Arguably the most memorable single item of “progress” made by the Obama Administration in the realm of foreign policy will be the radical shift, much belated as it is, away from an absurd decades old embargo on Cuba.
A relic of the Cold War, fueled more by US domestic politics and the democraphics of the critical state of Florida, home of the largest contingent of Cuban Americans, US policy toward Cuba has been a complete failure. It never succeeded in effecting “regime change” and it locked the Cuban people in an economic bubble that has been counter productive.
It is therefore with nothing but praise and gratitude that we want to acknowledge President Obama’s move to reboot on relations with America’s neighbor ~ Cuba.
Restrictions on Americans traveling and doing business with Cuba have of course been nullified by the absence of similar rules in Europe and Canada. Those who denote a clear difference in the profile of travelers and the more “low key” approach of European and Canadian visitors have in fact quietly celebrated the absence of mega-developments that seem to come with a full on US tourist presence.
Through our bamboo-related activities in Nicaragua, we were able to visit Cuba for educational purposes. We absolutely fell in LOVE with Cuba. The country is chockfull of gorgeous architecture.
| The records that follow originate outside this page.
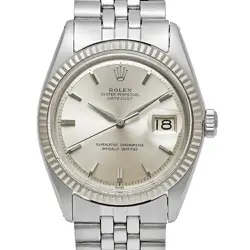 ROLEX DATEJUST 1601/4 SILVER CASE SIZE 36MM X 36MM MEN'S USED WATCH #8107
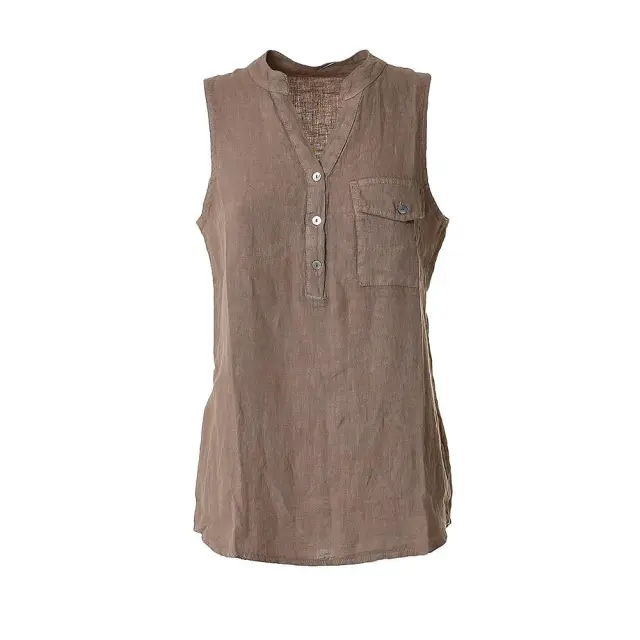 Μπλούζα Σκούρο Μπεζ Μέγεθος One Size (100% Λινό) 5-41-130-0004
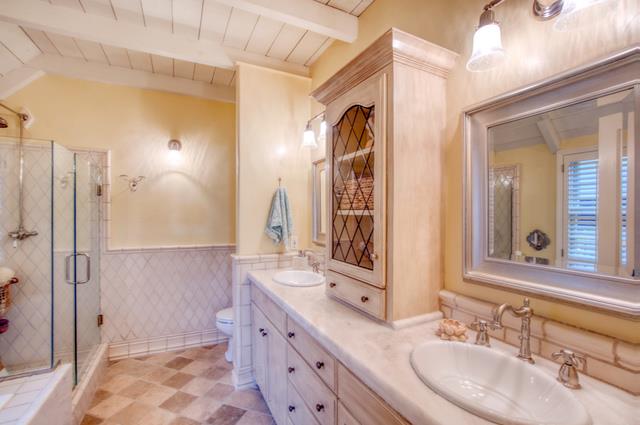 655 Bayview Drive Aptos, CA 95003 - Photo 33 of 48 a bathroom with a double vanity sink mirror and shower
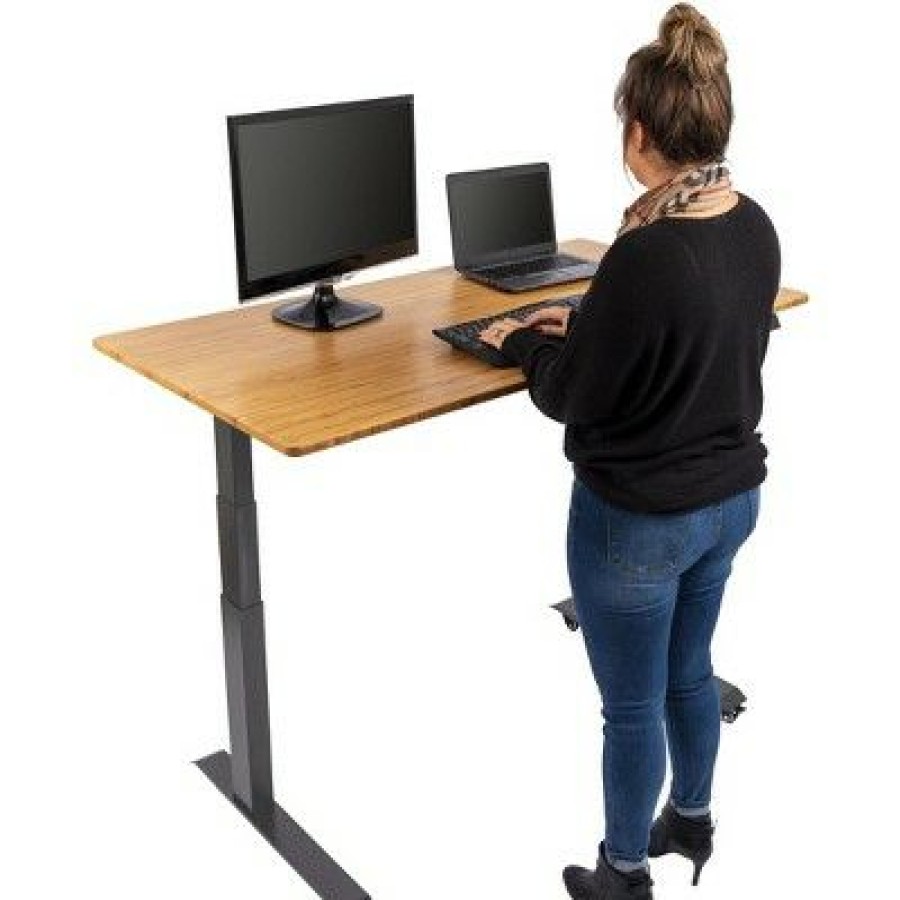 Executive Desks * | Stand Up Desk Store Solid Wood Top Electric Adjustable Height Standing Desk With Programmable Memory Charcoal Frame/Bamboo Top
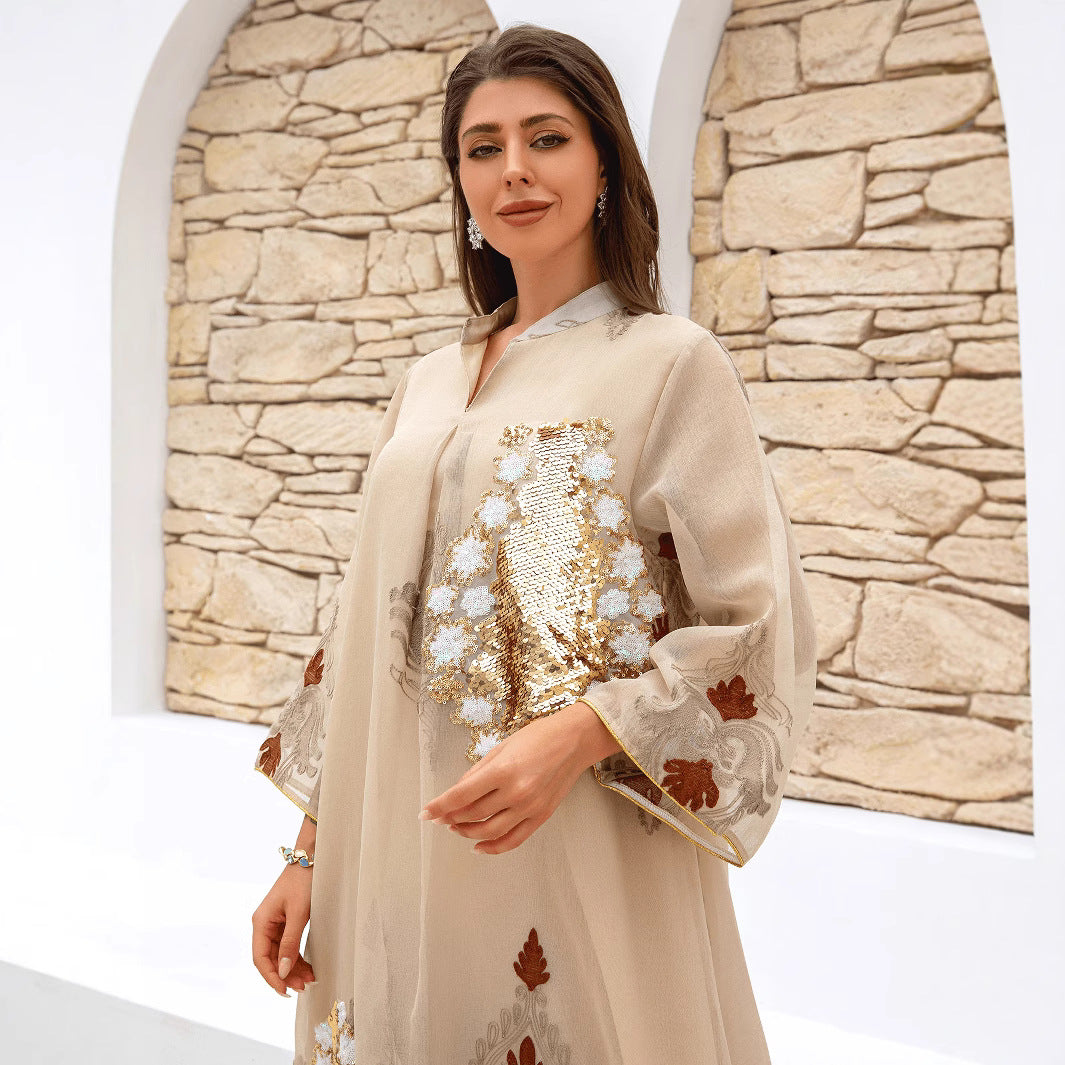 Abaya musulmane brodée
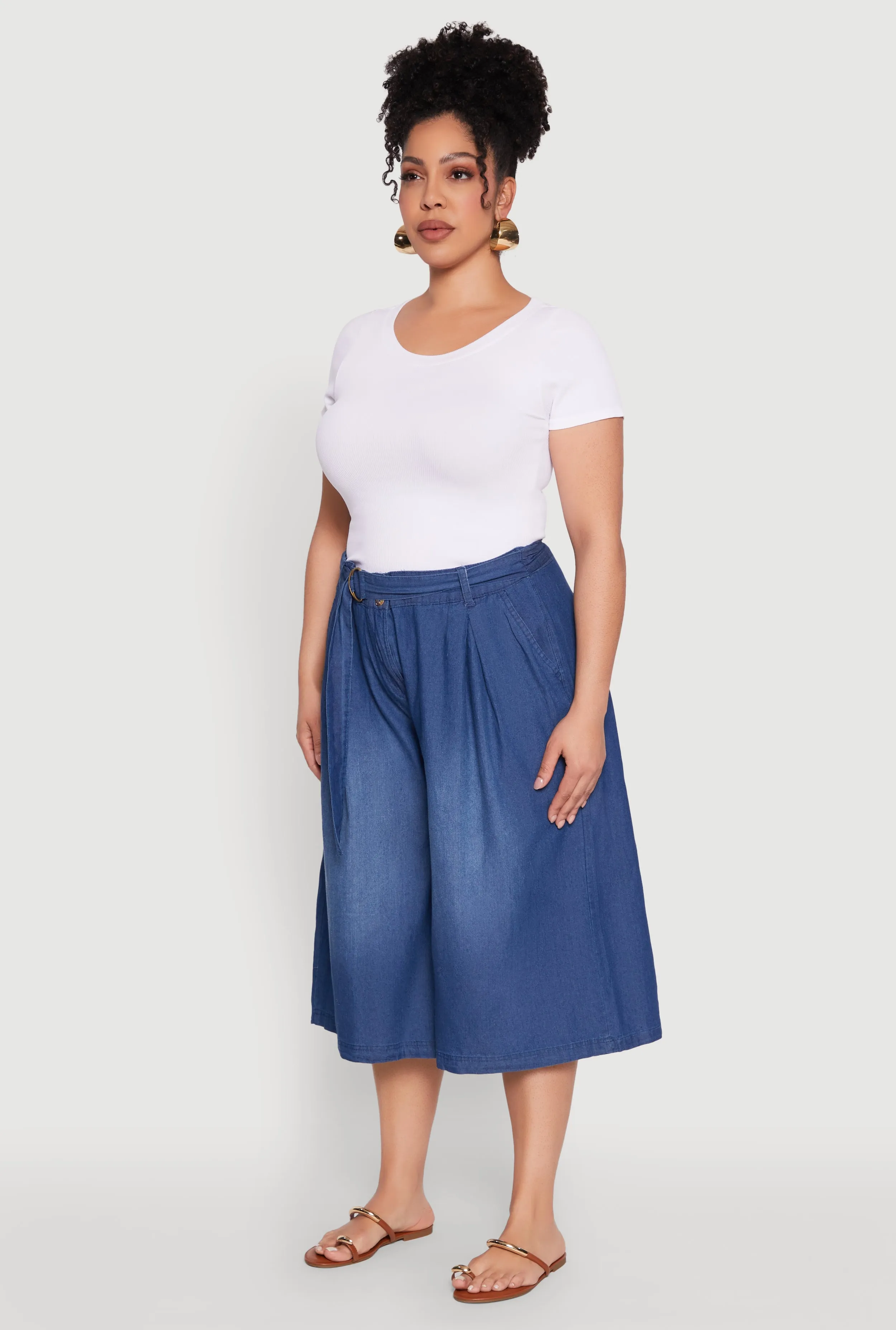 Plus Size Belted Front Chambray Culottes sold by Rainbow product image thumbnail 3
The people we met in Cuba made us want to come back, again and again.
As we continuously re-appraise our options and desire to live in an area that is culturally rich, has a warm climate, is Spanish speaking and is reasonably close to the U.S., Cuba keeps creeping up near the top of the list as a Green Global Trek favorite.
We have mixed feelings about the advance of negotiations toward normalization of relations between the U.S. and Cuba, due to what could happen if hordes of American travelers come in too early, too fast and have a negative impact on Cuba. As of last week, travel restrictions for Americans have been significantly relaxed, US credit cards have been granted the right to set up shop in Cuba and Netflix has announced it will start operating in Cuba. Signs that things are changing!
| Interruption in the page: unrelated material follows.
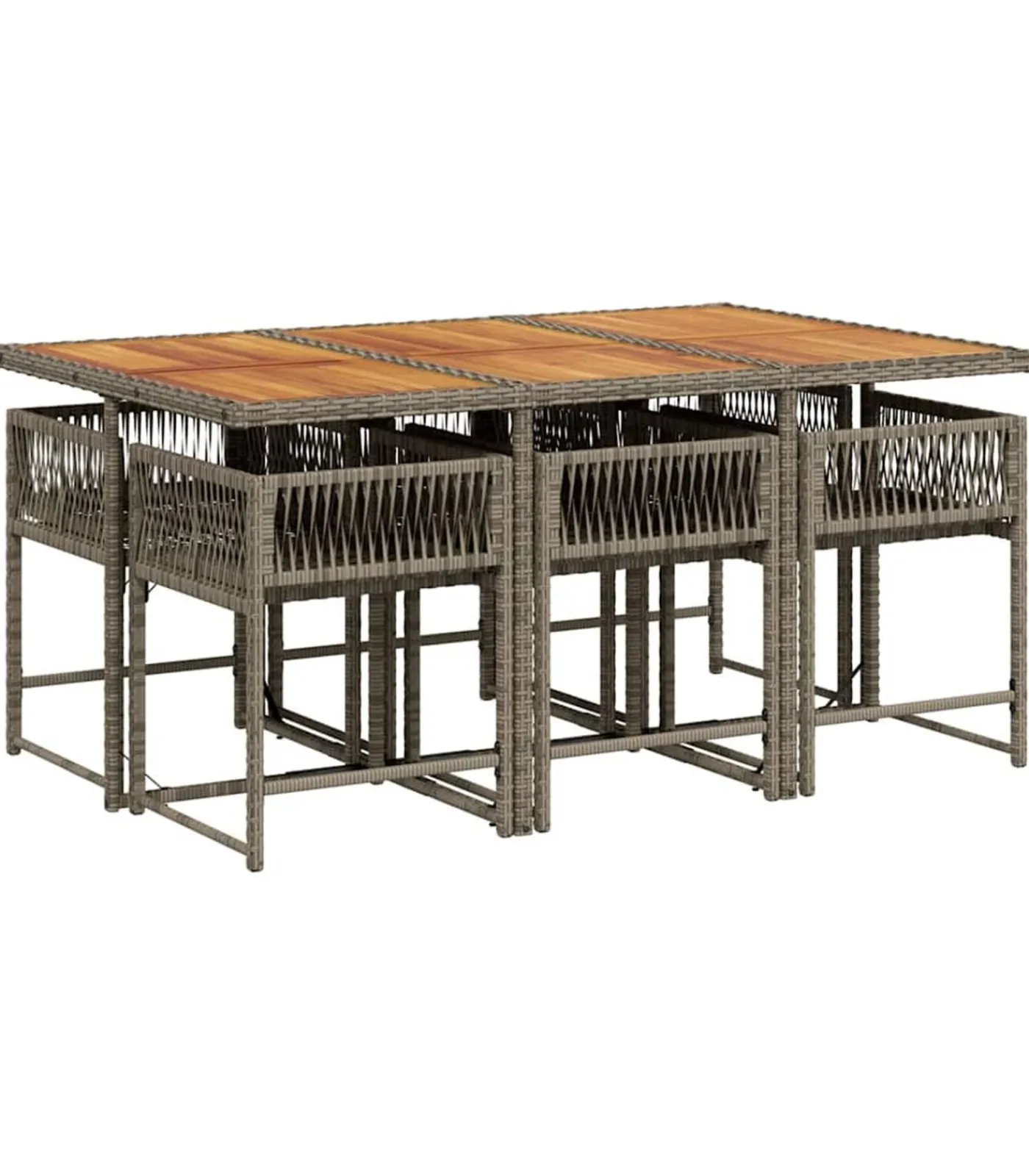 vidaXL 7-delige Tuinset met kussens poly rattan grijs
So, here is our contribution to prospective travelers. We have criss-crossed the island and have repeatedly been awed by what Cuba had to offer…
If we ever live in Cuba, Remedios will be our home. The low key, tranquilo pace, combined with grand architecture and faded pastels… and of course the warm welcome of locals make Remedios a “must see” destination.
There are so many architectural gems in Cuba, that it’s difficult to pick out one destination to highlight, but Trinidad is magnificent and should be on any traveler’s itinerary…
The beaches! It would be a crime to go to Cuba and not experience some of the island’s deserted beaches. Stay far away from the overly built up “tourist destinations” on package deals at such places as Varadero. Rather, rent a car, or a car with a driver, and go explore the wild beaches of Cuba for an unforgettable experience.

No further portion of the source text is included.